[Short web captions]
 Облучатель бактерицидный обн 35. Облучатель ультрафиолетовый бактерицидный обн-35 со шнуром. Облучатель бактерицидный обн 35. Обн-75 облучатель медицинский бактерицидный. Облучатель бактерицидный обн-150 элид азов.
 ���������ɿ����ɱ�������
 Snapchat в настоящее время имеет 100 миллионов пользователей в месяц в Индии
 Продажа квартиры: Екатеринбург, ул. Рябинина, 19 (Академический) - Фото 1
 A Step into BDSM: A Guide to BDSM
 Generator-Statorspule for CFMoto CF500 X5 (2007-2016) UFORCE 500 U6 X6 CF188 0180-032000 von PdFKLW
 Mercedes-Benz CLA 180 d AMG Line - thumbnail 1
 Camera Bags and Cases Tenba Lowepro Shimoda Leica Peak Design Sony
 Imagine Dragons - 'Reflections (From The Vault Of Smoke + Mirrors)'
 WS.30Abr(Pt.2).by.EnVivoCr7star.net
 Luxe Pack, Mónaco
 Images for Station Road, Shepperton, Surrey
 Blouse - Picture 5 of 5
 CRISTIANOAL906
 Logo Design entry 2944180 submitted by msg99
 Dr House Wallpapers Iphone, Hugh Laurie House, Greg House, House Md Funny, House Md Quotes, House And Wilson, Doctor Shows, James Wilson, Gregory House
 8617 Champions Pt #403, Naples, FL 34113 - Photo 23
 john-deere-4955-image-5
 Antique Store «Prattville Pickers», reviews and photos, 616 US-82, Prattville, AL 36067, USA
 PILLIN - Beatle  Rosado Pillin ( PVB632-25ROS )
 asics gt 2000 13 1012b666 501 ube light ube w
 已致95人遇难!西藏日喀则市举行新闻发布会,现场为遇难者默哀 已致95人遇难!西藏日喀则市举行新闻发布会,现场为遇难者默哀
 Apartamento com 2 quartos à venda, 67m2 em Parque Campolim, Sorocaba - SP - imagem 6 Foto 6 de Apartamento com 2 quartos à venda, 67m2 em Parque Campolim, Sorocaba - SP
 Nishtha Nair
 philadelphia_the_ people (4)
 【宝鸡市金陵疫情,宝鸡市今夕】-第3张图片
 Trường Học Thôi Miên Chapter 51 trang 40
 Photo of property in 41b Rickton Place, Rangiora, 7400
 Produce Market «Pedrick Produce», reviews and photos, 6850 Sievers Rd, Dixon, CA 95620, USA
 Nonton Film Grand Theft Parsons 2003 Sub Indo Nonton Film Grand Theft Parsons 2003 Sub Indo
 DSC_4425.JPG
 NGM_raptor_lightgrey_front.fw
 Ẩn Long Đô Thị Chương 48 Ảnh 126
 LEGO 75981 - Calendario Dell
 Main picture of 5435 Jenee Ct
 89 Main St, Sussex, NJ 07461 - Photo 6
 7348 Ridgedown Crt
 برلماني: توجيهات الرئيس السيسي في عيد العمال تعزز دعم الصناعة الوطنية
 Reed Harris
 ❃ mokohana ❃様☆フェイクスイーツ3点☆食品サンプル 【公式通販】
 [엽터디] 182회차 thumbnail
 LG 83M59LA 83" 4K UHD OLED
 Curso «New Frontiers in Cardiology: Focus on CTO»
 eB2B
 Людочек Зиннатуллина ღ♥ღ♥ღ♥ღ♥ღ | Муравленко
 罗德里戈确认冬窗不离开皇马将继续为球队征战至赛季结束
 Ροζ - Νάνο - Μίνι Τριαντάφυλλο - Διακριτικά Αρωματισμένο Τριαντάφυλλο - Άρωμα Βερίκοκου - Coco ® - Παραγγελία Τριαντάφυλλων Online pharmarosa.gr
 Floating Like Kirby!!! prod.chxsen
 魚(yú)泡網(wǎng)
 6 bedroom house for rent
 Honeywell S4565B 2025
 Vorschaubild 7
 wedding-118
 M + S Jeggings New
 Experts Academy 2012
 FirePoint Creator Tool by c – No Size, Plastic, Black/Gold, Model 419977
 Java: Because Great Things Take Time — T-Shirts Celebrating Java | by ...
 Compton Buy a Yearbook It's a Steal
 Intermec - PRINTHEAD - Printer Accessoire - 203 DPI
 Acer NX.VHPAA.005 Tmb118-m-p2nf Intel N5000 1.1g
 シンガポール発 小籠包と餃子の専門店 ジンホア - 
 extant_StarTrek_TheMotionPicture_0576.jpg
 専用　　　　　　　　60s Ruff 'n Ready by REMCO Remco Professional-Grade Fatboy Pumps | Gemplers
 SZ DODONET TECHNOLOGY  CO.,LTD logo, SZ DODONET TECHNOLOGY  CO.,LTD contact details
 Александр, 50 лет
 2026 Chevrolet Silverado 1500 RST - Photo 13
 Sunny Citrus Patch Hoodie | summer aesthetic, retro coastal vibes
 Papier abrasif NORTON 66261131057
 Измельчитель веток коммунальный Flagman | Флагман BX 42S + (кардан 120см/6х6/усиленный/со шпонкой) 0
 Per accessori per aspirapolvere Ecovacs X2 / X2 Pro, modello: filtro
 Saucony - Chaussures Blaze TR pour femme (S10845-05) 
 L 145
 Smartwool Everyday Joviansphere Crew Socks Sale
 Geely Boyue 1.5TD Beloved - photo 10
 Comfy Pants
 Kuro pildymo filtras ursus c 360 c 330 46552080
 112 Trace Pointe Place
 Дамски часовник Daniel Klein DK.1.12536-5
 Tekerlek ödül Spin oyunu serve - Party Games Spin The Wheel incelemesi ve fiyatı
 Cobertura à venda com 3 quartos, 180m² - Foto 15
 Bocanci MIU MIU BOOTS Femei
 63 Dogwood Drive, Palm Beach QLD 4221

* EXERCISE BRIEF *
Reproduce all of the entries above verbatim.

* SOLVED EXERCISE *
 Облучатель бактерицидный обн 35. Облучатель ультрафиолетовый бактерицидный обн-35 со шнуром. Облучатель бактерицидный обн 35. Обн-75 облучатель медицинский бактерицидный. Облучатель бактерицидный обн-150 элид азов.
 ���������ɿ����ɱ�������
 Snapchat в настоящее время имеет 100 миллионов пользователей в месяц в Индии
 Продажа квартиры: Екатеринбург, ул. Рябинина, 19 (Академический) - Фото 1
 A Step into BDSM: A Guide to BDSM
 Generator-Statorspule for CFMoto CF500 X5 (2007-2016) UFORCE 500 U6 X6 CF188 0180-032000 von PdFKLW
 Mercedes-Benz CLA 180 d AMG Line - thumbnail 1
 Camera Bags and Cases Tenba Lowepro Shimoda Leica Peak Design Sony
 Imagine Dragons - 'Reflections (From The Vault Of Smoke + Mirrors)'
 WS.30Abr(Pt.2).by.EnVivoCr7star.net
 Luxe Pack, Mónaco
 Images for Station Road, Shepperton, Surrey
 Blouse - Picture 5 of 5
 CRISTIANOAL906
 Logo Design entry 2944180 submitted by msg99
 Dr House Wallpapers Iphone, Hugh Laurie House, Greg House, House Md Funny, House Md Quotes, House And Wilson, Doctor Shows, James Wilson, Gregory House
 8617 Champions Pt #403, Naples, FL 34113 - Photo 23
 john-deere-4955-image-5
 Antique Store «Prattville Pickers», reviews and photos, 616 US-82, Prattville, AL 36067, USA
 PILLIN - Beatle  Rosado Pillin ( PVB632-25ROS )
 asics gt 2000 13 1012b666 501 ube light ube w
 已致95人遇难!西藏日喀则市举行新闻发布会,现场为遇难者默哀 已致95人遇难!西藏日喀则市举行新闻发布会,现场为遇难者默哀
 Apartamento com 2 quartos à venda, 67m2 em Parque Campolim, Sorocaba - SP - imagem 6 Foto 6 de Apartamento com 2 quartos à venda, 67m2 em Parque Campolim, Sorocaba - SP
 Nishtha Nair
 philadelphia_the_ people (4)
 【宝鸡市金陵疫情,宝鸡市今夕】-第3张图片
 Trường Học Thôi Miên Chapter 51 trang 40
 Photo of property in 41b Rickton Place, Rangiora, 7400
 Produce Market «Pedrick Produce», reviews and photos, 6850 Sievers Rd, Dixon, CA 95620, USA
 Nonton Film Grand Theft Parsons 2003 Sub Indo Nonton Film Grand Theft Parsons 2003 Sub Indo
 DSC_4425.JPG
 NGM_raptor_lightgrey_front.fw
 Ẩn Long Đô Thị Chương 48 Ảnh 126
 LEGO 75981 - Calendario Dell
 Main picture of 5435 Jenee Ct
 89 Main St, Sussex, NJ 07461 - Photo 6
 7348 Ridgedown Crt
 برلماني: توجيهات الرئيس السيسي في عيد العمال تعزز دعم الصناعة الوطنية
 Reed Harris
 ❃ mokohana ❃様☆フェイクスイーツ3点☆食品サンプル 【公式通販】
 [엽터디] 182회차 thumbnail
 LG 83M59LA 83" 4K UHD OLED
 Curso «New Frontiers in Cardiology: Focus on CTO»
 eB2B
 Людочек Зиннатуллина ღ♥ღ♥ღ♥ღ♥ღ | Муравленко
 罗德里戈确认冬窗不离开皇马将继续为球队征战至赛季结束
 Ροζ - Νάνο - Μίνι Τριαντάφυλλο - Διακριτικά Αρωματισμένο Τριαντάφυλλο - Άρωμα Βερίκοκου - Coco ® - Παραγγελία Τριαντάφυλλων Online pharmarosa.gr
 Floating Like Kirby!!! prod.chxsen
 魚(yú)泡網(wǎng)
 6 bedroom house for rent
 Honeywell S4565B 2025
 Vorschaubild 7
 wedding-118
 M + S Jeggings New
 Experts Academy 2012
 FirePoint Creator Tool by c – No Size, Plastic, Black/Gold, Model 419977
 Java: Because Great Things Take Time — T-Shirts Celebrating Java | by ...
 Compton Buy a Yearbook It's a Steal
 Intermec - PRINTHEAD - Printer Accessoire - 203 DPI
 Acer NX.VHPAA.005 Tmb118-m-p2nf Intel N5000 1.1g
 シンガポール発 小籠包と餃子の専門店 ジンホア - 
 extant_StarTrek_TheMotionPicture_0576.jpg
 専用　　　　　　　　60s Ruff 'n Ready by REMCO Remco Professional-Grade Fatboy Pumps | Gemplers
 SZ DODONET TECHNOLOGY  CO.,LTD logo, SZ DODONET TECHNOLOGY  CO.,LTD contact details
 Александр, 50 лет
 2026 Chevrolet Silverado 1500 RST - Photo 13
 Sunny Citrus Patch Hoodie | summer aesthetic, retro coastal vibes
 Papier abrasif NORTON 66261131057
 Измельчитель веток коммунальный Flagman | Флагман BX 42S + (кардан 120см/6х6/усиленный/со шпонкой) 0
 Per accessori per aspirapolvere Ecovacs X2 / X2 Pro, modello: filtro
 Saucony - Chaussures Blaze TR pour femme (S10845-05) 
 L 145
 Smartwool Everyday Joviansphere Crew Socks Sale
 Geely Boyue 1.5TD Beloved - photo 10
 Comfy Pants
 Kuro pildymo filtras ursus c 360 c 330 46552080
 112 Trace Pointe Place
 Дамски часовник Daniel Klein DK.1.12536-5
 Tekerlek ödül Spin oyunu serve - Party Games Spin The Wheel incelemesi ve fiyatı
 Cobertura à venda com 3 quartos, 180m² - Foto 15
 Bocanci MIU MIU BOOTS Femei
 63 Dogwood Drive, Palm Beach QLD 4221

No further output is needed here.